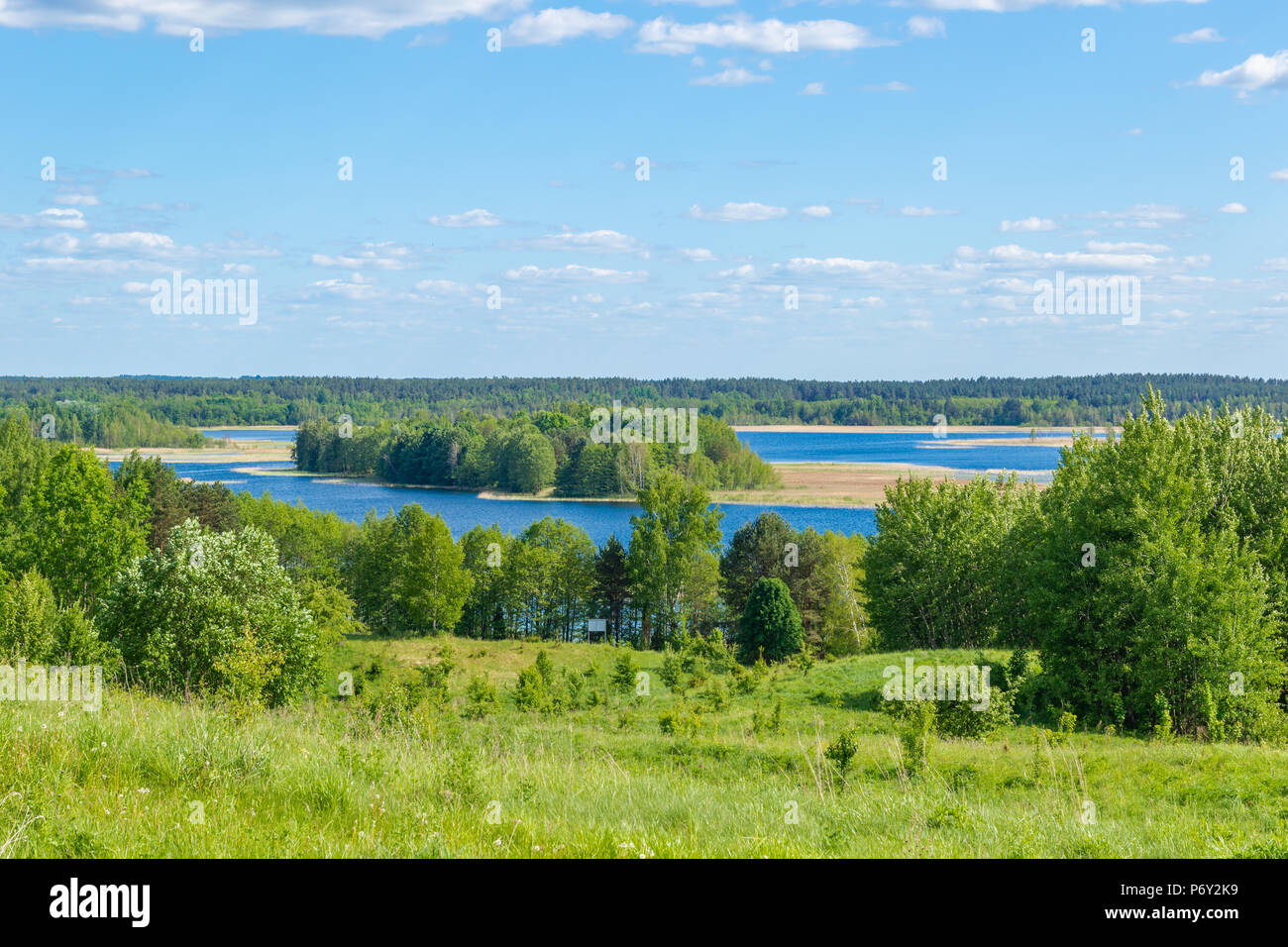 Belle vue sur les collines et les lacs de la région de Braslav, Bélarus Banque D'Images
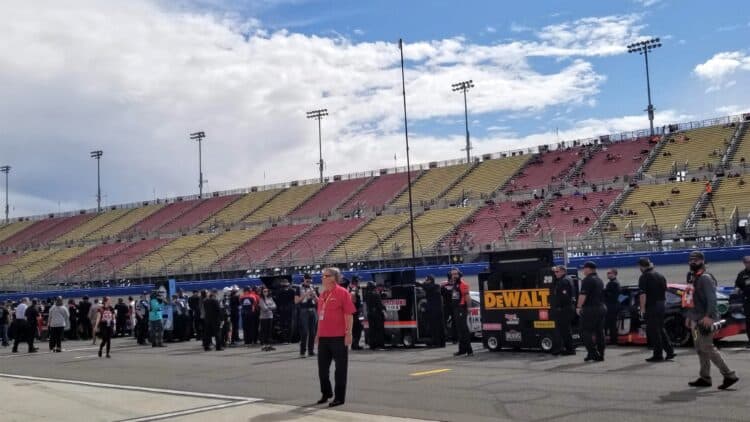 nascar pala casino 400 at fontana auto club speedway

-*-*-

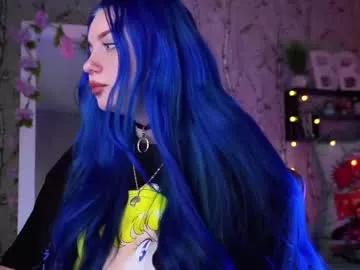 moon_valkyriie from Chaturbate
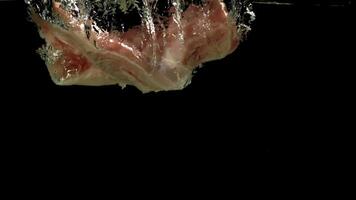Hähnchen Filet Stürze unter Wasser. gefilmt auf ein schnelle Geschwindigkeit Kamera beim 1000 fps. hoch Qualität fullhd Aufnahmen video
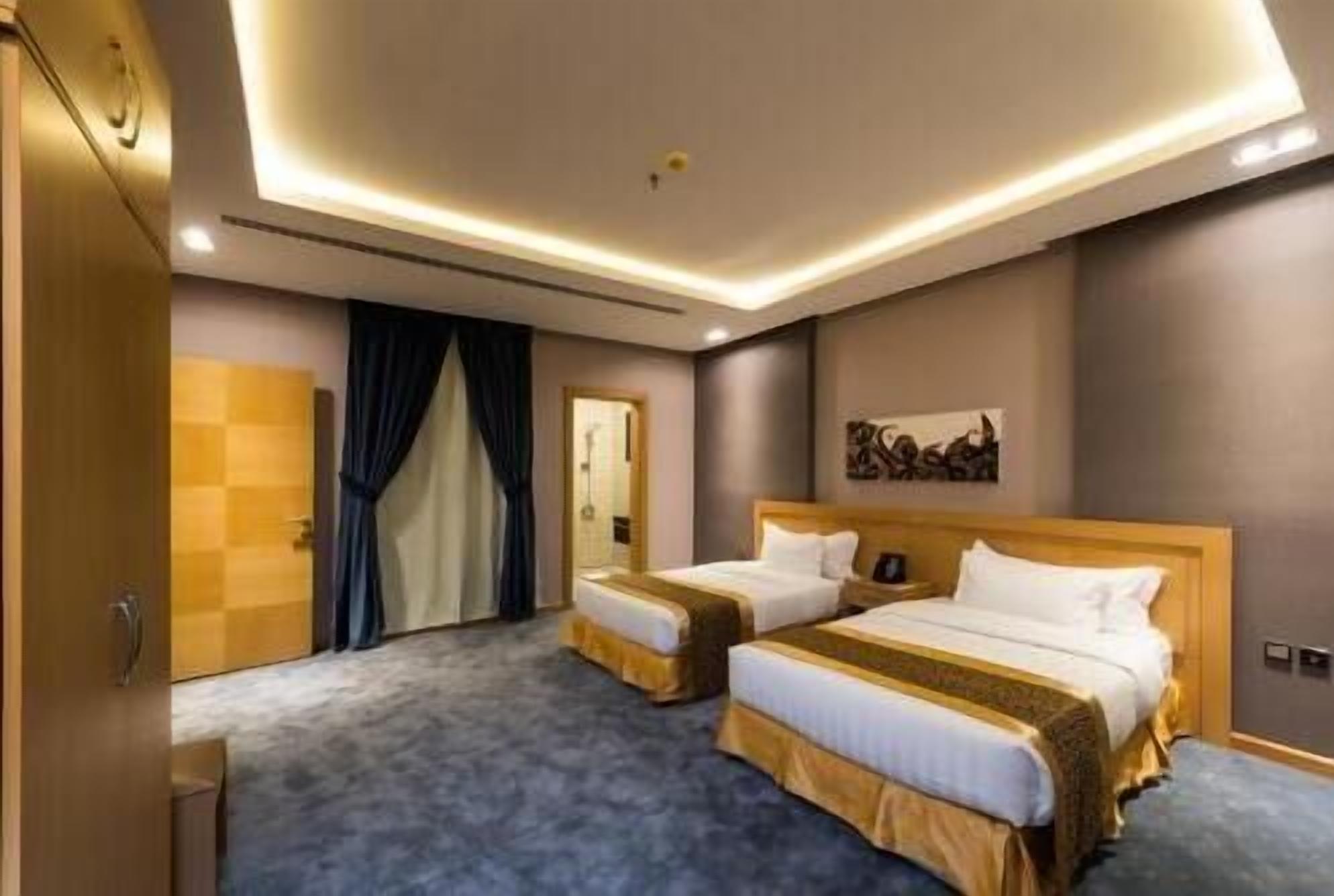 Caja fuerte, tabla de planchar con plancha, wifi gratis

-*-*-

# [Problem description]
Leaving out all pictures, set down exactly the lines of the material above, from the line with "Hähnchen Filet Stürze" to the line with "Caja fuerte, tabla" inclusive, and no others.

# [Exercise result]
Hähnchen Filet Stürze unter Wasser. gefilmt auf ein schnelle Geschwindigkeit Kamera beim 1000 fps. hoch Qualität fullhd Aufnahmen video
 Caja fuerte, tabla de planchar con plancha, wifi gratis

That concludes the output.